- Data segment
++++++++++
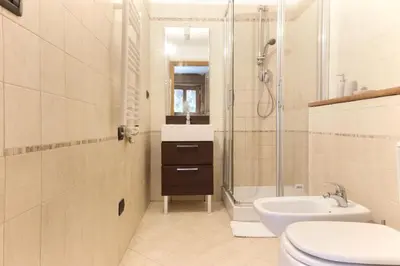 a bathroom with a shower and a sink and a toilet at Les Granges des Bossons in Chamonix-Mont-Blanc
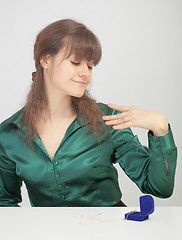 Image showing Young woman admires new jewel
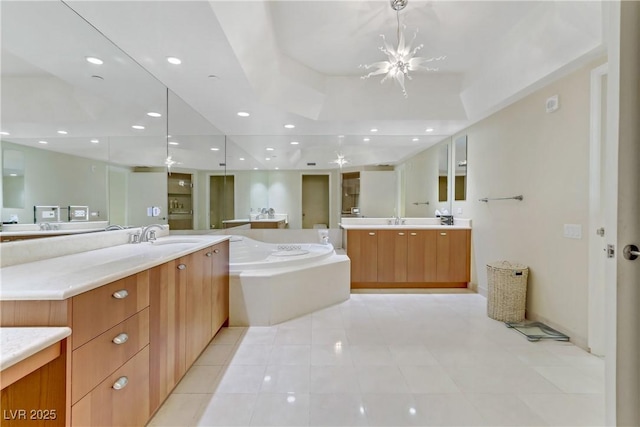 bathroom with tile patterned floors, vanity, a tub, and a notable chandelier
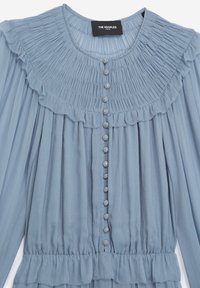 Blusa azzurra chiara con un design a pieghe, colletto arricciato e bottoni decorativi sul davanti. Tessuto morbido e strutturato con vita arricciata.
++++++++++
- Instructions to follow
Starting at the line that holds "Image showing Young woman admires new jewel" and ending at the last line of the material above, repeat each line exactly, both ends included, and leave the pictures out.

- Completed exercise
 Image showing Young woman admires new jewel
 bathroom with tile patterned floors, vanity, a tub, and a notable chandelier
 Blusa azzurra chiara con un design a pieghe, colletto arricciato e bottoni decorativi sul davanti. Tessuto morbido e strutturato con vita arricciata.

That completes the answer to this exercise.